Introduction

What is tspy?

tspy is the Python wrapper to the Apache Spark-powered time-series library.

The library is provided as part of IBM Analytics Engine and can be used via IBM Watson Studio.

To load the library, we run:

import tspy

However, we may also need to load other modules.

What is a time series: STS and MTS?

A time series is a sequence of data values measured at successive, though not necessarily regular, points in time. A time point is called a timestamp, and its combination with the associated sequence of data values is called an observation.

We can have one or many data columns at each time point.

\[ \begin{align}\begin{aligned}\begin{split}\begin{array}{cc} timestamp & data1 \\ t1 & o1_1 \\ t2 & o1_2 \\ t3 & o1_3 \\ ... \\ tn & o1_n \\ \end{array}\end{split}\\\begin{split}\begin{array}{ccc} timestamp & data1 & data2 \\ t1 & o1_1 & o2_1 \\ t2 & o1_2 & o2_2 \\ t3 & o1_3 & o2_3 \\ ... \\ tn & o1_n & o2_n \\ \end{array}\end{split}\end{aligned}\end{align} \]

In general, you time-series data can be organized as a single time-series (STS) object, as given above, or a multiple time-series (MTS) object, as given below. In MTS, each time-series belongs to a particular grouping value

\[\begin{split}\begin{array}{cccc} group & timestamp & data1 & data2 \\ g1 & t1 & o1_1 & o2_1 \\ g1 & t2 & o1_2 & o2_2 \\ g1 & t3 & o1_3 & o2_3 \\ g1 & ... \\ g1 & tn & o1_n & o2_n \\ g2 & t'1 & o1'_1 & o2'_1 \\ g2 & t'2 & o1'_2 & o2'_2 \\ g2 & t'3 & o1'_3 & o2'_3 \\ g2 & ... \\ g2 & t'n & o1'_n & o2'_n \\ \end{array}\end{split}\]

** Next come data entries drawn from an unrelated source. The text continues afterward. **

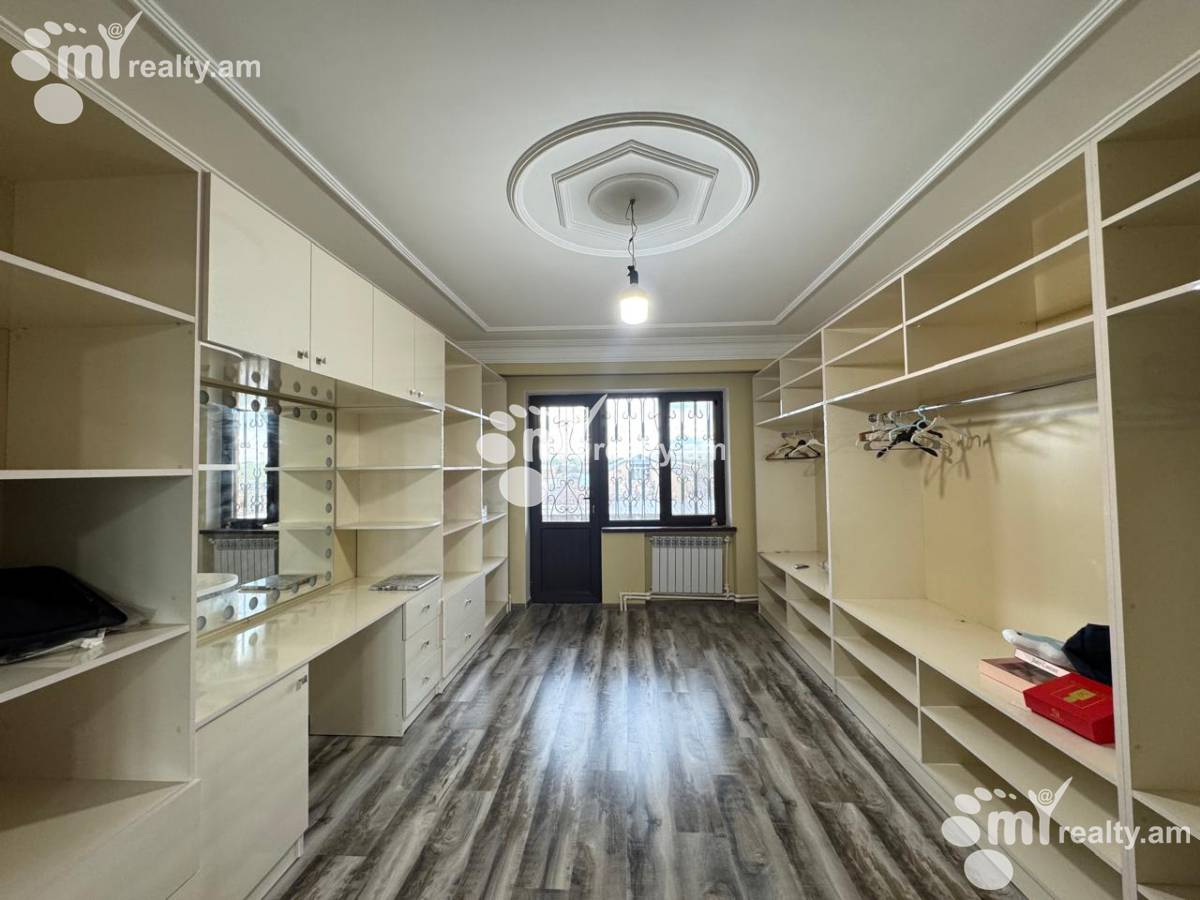 Առանձնատուն  Եղվարդ, Եղվարդ Կոտայք, 160147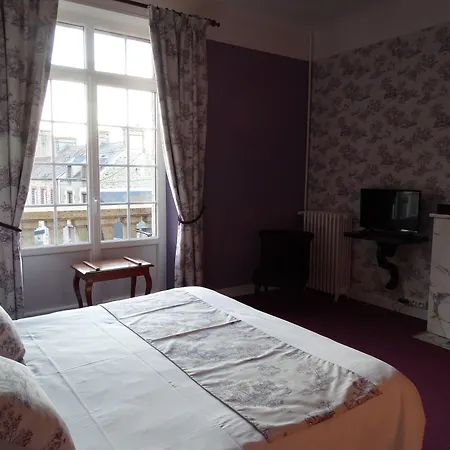 Отель La Granitiere Maison De Charme Сен-Вааст-ла-Уг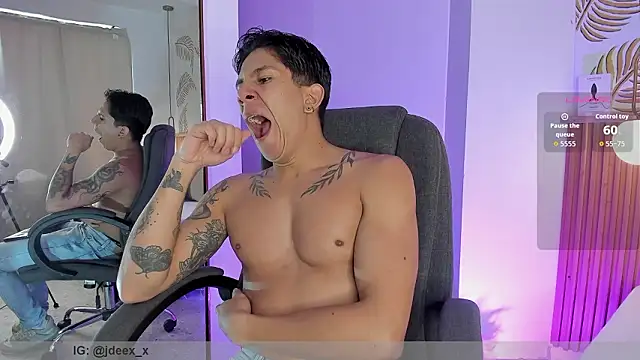 Snapshot of j_deex chatting on 02-18-26, 04:25 j deex online show from 02-18-26, 04:25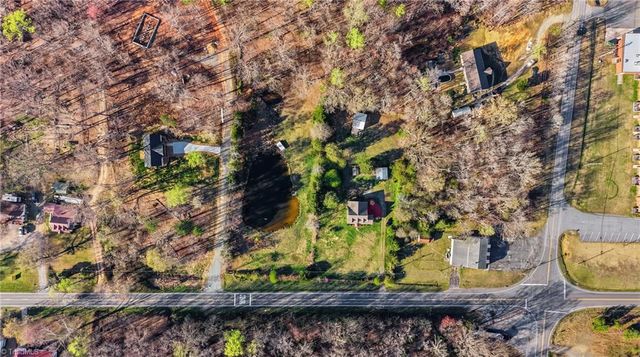 11043 E Old US Highway 64, Lexington, NC 27292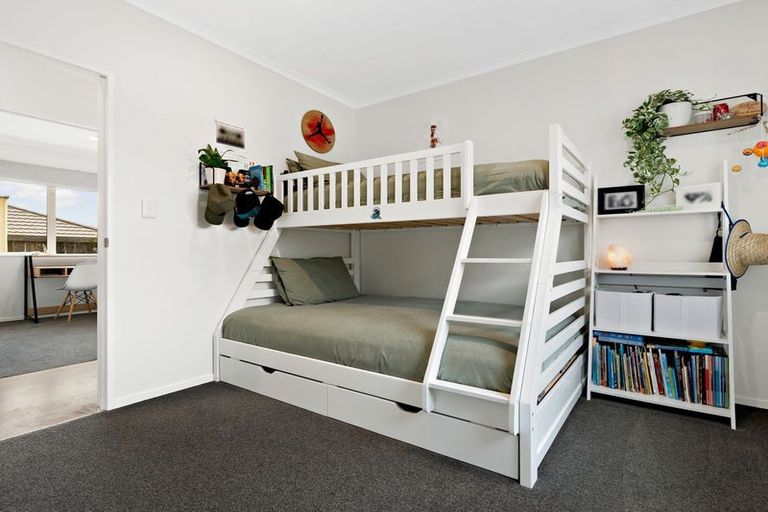 Photo of property in 47 Jeroboam Loop, Kumeu, 0810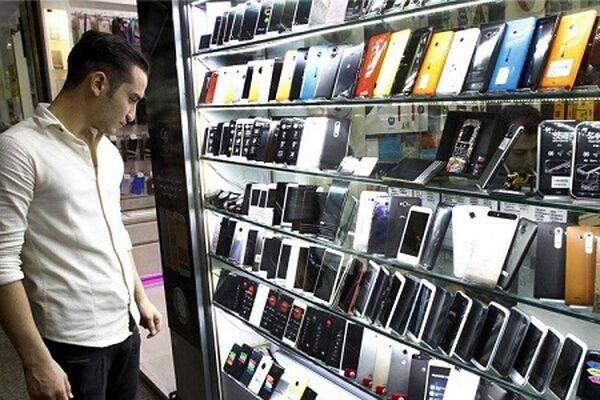 فعلا قیمت در بازار موبایل ثابت است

What is a timestamp in tspy?

A timestamp (or time-tick) can be, but must not necessarily be, associated with a time reference system (TRS), which defines the granularity of each timetick and the start time.

The time is stored as a long type. In the simplest scenario, a timestamp is just an integer value, and can be inferred from the index of the data

import tspy
values = [1.0, 2.0, 4.0]
x = tspy.time_series(values)
x
TimeStamp: 0     Value: 1.0
TimeStamp: 1     Value: 2.0
TimeStamp: 2     Value: 4.0

To make the long value human-readable, it needs to be mapped to a time-reference-system (TRS).

TRS is a local, regional or global system used to identify time. A time reference system defines a specific projection for forward and reverse mapping between timestamp and its numeric representation. A common example that most of us are familiar with is UTC time, which maps a timestamp (Jan 1, 2019 12am midnight GMT) into a 64-bit integer value (1546300800000) that captures the number of milliseconds that have elapsed since Jan 1, 1970 12am (midnight) GMT. Generally speaking, the timestamp value is better suited for human readability, while the numeric representation is better suited for machine processing.

What is an observation in tspy?

An observation is a combination of a timestamp and a value which can be any, e.g. numeric value, categorical value, or an array of numeric/categorical values.

In Python, a numeric value is represented in the computer using one of the following types:

  • built-in: int, float

  • np.ndarray, pd.dataframe: int32, int64, float64

In tspy, an observation is of type Observation. However, you don’t create it directly. Instead, an observation is created using observation() API.

import tspy
# simple timestamp ~ an int
x = tspy.observation(1, 1.0)

What is an observation collection in tspy?

An observation collection is a sequence of observation, with certain properties. It is described in class ObservationCollection. However, we don’t create it directly from the class. Instead, an observation collection is created using tspy.observations().

import tspy
observations = tspy.observations(
   tspy.observation(1, 1.0),
   tspy.observation(2, 2.0),
   tspy.observation(3, 3.0),
   tspy.observation(4, 4.0)
)

Another option is to use the single-time-series builder tspy.builder() to create a single-time-series object, from which we can extract the observation collections using result() API.

import tspy
ts_builder = tspy.ts_builder()
ts_builder.add(tspy.observation(1,1))
ts_builder.add(tspy.observation(2,2))
ts_builder.add(tspy.observation(1,3))
observations = ts_builder.result()

What is a segment in tspy?

A segment is an observation collection with:

  • extra information: start time and end time [the start/end time needs not equal to the first/last timestamp]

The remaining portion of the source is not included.